Directories are created by setting the DMDIR bit (0x80000000) in the
perm.
The names . and .. are special; it is illegal to create files with
these names.
It is an error for either of these messages if the fid is already the
product of a successful open or create message.
An attempt to create a file in a directory where the given name already
exists will be rejected; in this case, the create system call (see
open(2)) uses open with truncation. The algorithm used by the create
system call is: first walk to the directory to contain the file. If
that fails, return an error. Next walk to the specified file. If the
walk succeeds, send a request to open and truncate the file and return
the result, successful or not. If the walk fails, send a create mes‐
sage. If that fails, it may be because the file was created by another
process after the previous walk failed, so (once) try the walk and open
again.
For the behavior of create on a union directory, see bind(2).
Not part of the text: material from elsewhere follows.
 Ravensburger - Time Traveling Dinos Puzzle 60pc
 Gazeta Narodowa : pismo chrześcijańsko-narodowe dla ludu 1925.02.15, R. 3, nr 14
The iounit field returned by open and create may be zero. If it is
not, it is the maximum number of bytes that are guaranteed to be read
from or written to the file without breaking the I/O transfer into mul‐
tiple 9P messages; see read(5).
ENTRY POINTS
Open and create both generate open messages; only create generates a
create message. The iounit associated with an open file may be discov‐
ered by calling iounit(2).
For programs that need atomic file creation, without the race that
exists in the open-create sequence described above, the kernel does the
following. If the OEXCL (0x1000) bit is set in the mode for a create
system call, the open message is not sent; the kernel issues only the
create. Thus, if the file exists, create will draw an error, but if it
doesn't and the create system call succeeds, the process issuing the
create is guaranteed to be the one that created the file.